Input data Block Start
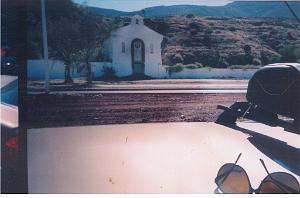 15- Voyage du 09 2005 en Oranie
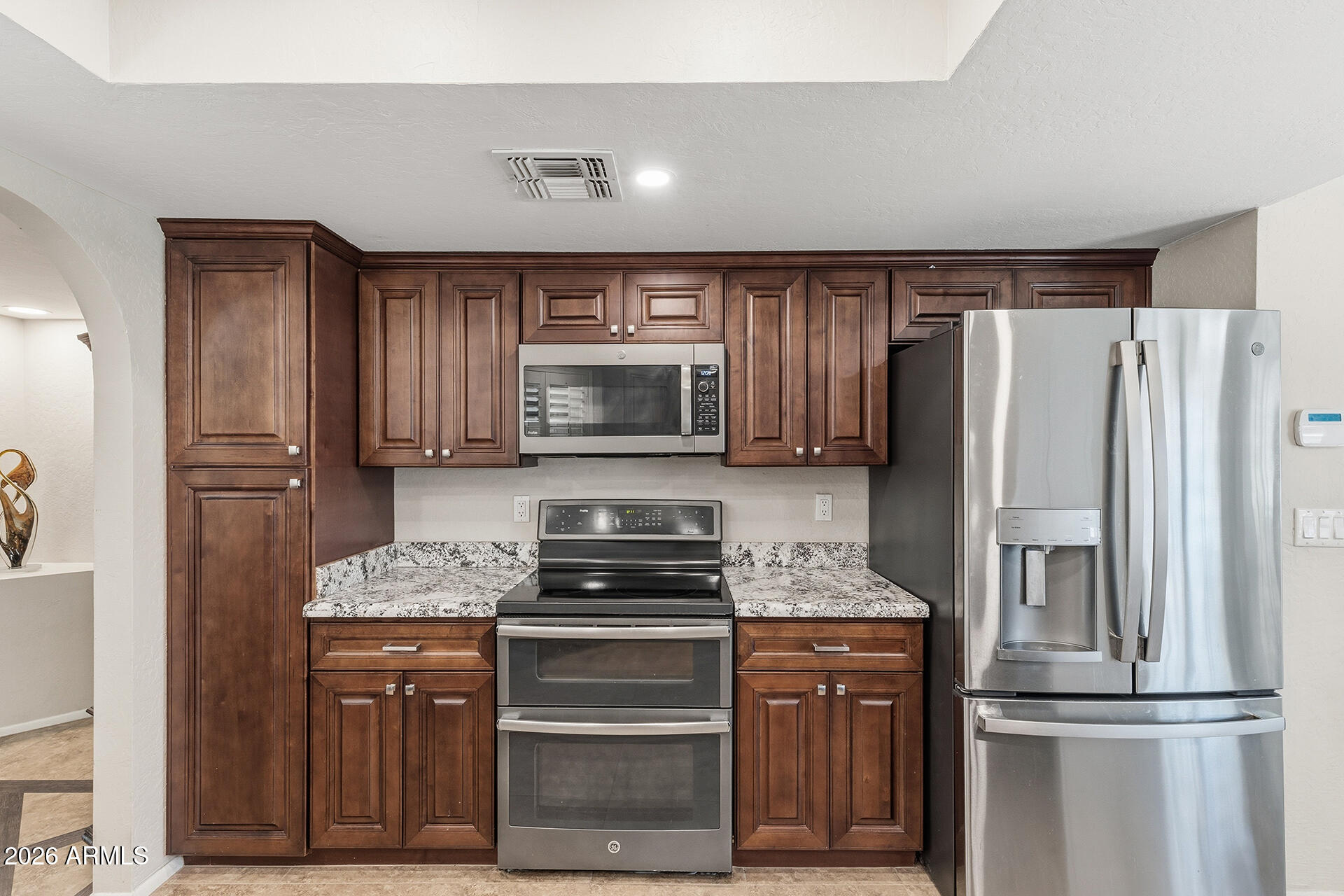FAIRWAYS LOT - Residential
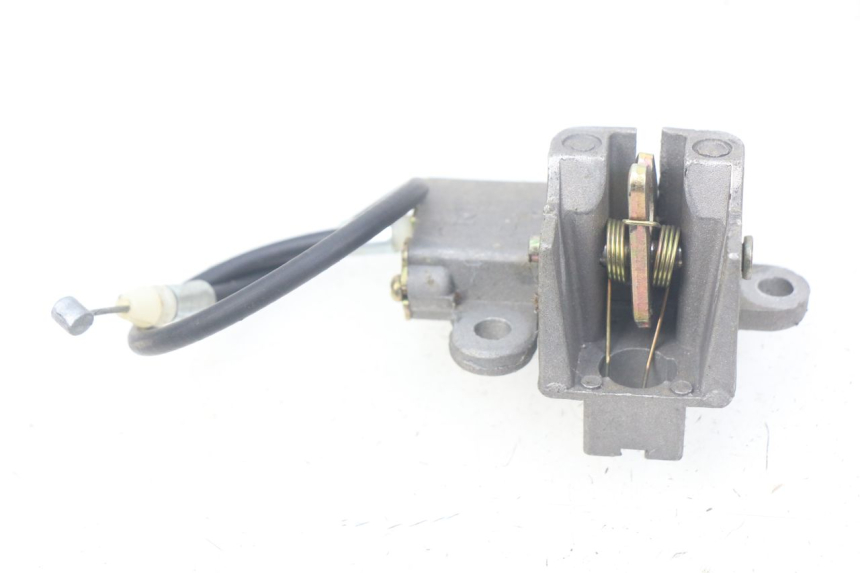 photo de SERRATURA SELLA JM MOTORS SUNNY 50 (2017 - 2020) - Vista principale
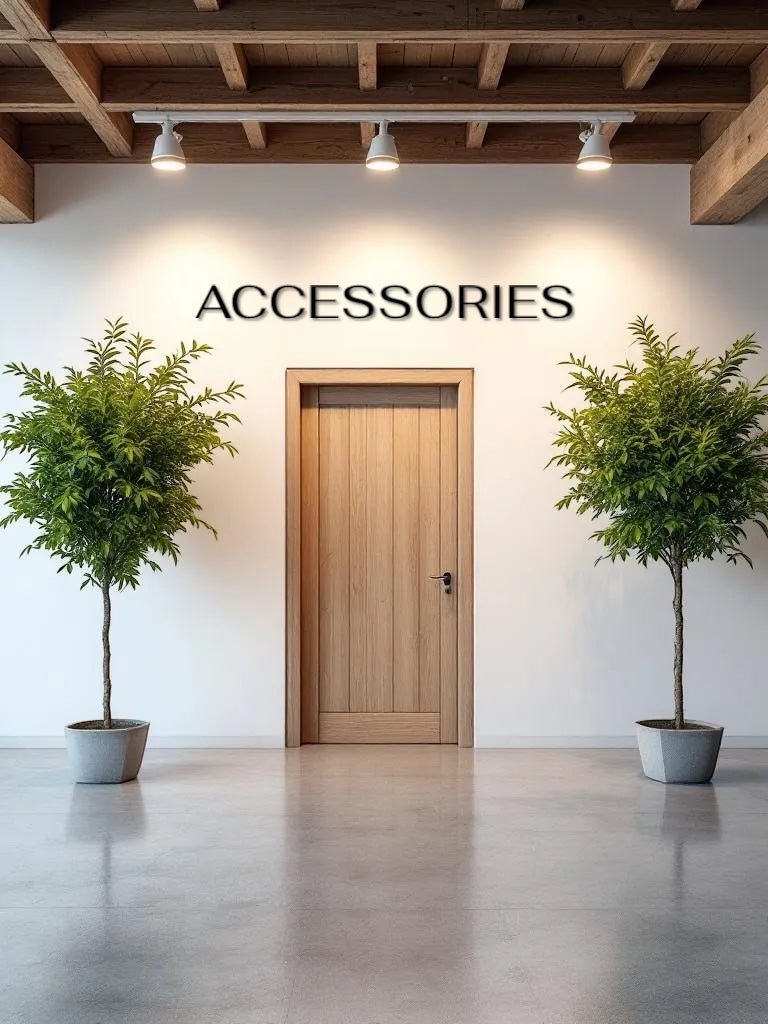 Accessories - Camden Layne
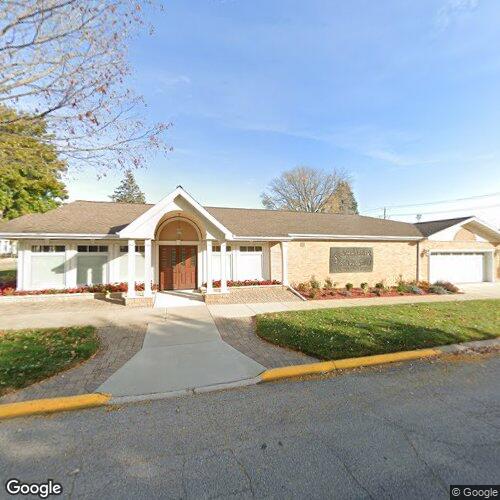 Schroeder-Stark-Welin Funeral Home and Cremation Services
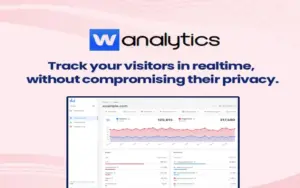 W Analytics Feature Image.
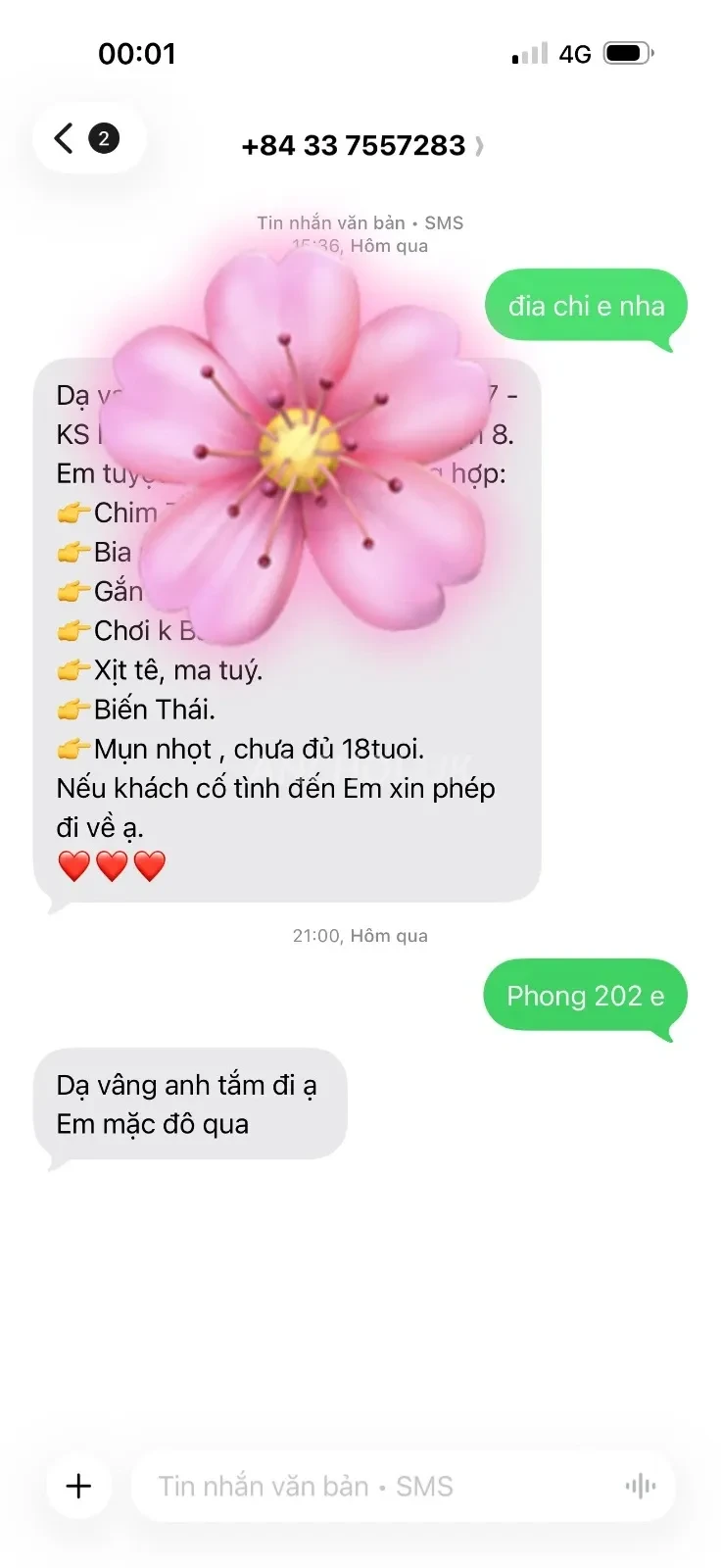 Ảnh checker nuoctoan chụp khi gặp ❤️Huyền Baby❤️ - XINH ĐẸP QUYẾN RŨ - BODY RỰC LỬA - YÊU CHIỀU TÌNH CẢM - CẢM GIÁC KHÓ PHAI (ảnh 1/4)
Input data Block End
Input data Block Start
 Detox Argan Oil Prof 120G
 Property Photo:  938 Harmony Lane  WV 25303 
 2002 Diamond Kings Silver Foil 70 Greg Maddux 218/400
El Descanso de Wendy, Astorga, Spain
Input data Block End
→ Brief
Everything above from the line that has "Schroeder-Stark-Welin Funeral Home" down to the line that has "Ảnh checker nuoctoan" should be output exactly, with both of those lines included. Leave the pictures behind.

→ Exercise result
 Schroeder-Stark-Welin Funeral Home and Cremation Services
 W Analytics Feature Image.
 Ảnh checker nuoctoan chụp khi gặp ❤️Huyền Baby❤️ - XINH ĐẸP QUYẾN RŨ - BODY RỰC LỬA - YÊU CHIỀU TÌNH CẢM - CẢM GIÁC KHÓ PHAI (ảnh 1/4)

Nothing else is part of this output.